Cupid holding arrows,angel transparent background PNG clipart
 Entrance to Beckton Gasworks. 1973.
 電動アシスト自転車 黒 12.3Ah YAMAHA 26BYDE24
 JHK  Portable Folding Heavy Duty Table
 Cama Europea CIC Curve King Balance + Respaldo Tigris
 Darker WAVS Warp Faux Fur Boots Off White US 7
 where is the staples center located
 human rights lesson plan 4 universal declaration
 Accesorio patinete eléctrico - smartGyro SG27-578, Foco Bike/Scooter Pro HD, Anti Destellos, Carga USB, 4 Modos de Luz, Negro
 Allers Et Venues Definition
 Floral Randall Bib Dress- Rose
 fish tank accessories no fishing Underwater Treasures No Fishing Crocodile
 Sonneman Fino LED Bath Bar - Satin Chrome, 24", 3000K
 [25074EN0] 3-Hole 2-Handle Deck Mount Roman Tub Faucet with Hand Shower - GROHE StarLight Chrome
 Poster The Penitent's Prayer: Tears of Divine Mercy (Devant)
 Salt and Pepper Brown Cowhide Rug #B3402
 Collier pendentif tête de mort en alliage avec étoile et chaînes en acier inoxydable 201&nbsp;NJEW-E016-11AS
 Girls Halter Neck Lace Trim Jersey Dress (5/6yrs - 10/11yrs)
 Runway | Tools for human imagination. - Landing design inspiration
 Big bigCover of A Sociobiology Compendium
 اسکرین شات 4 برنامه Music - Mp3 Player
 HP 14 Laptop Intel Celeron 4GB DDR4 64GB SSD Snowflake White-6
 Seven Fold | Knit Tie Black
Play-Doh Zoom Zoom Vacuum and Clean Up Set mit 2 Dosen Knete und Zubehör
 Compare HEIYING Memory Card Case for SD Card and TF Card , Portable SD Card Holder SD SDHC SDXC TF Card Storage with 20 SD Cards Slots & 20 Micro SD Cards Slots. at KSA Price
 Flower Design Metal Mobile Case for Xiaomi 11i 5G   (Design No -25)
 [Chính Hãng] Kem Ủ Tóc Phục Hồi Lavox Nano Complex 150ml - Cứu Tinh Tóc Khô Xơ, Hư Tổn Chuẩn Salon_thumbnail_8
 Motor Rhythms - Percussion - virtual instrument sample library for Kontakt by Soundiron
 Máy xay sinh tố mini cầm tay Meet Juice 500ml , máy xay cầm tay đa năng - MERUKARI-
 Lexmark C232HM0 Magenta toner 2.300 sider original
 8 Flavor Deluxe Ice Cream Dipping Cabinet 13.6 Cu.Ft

● ● ● ●

Only a number is wanted here: how many lines of the records above contain "with".

2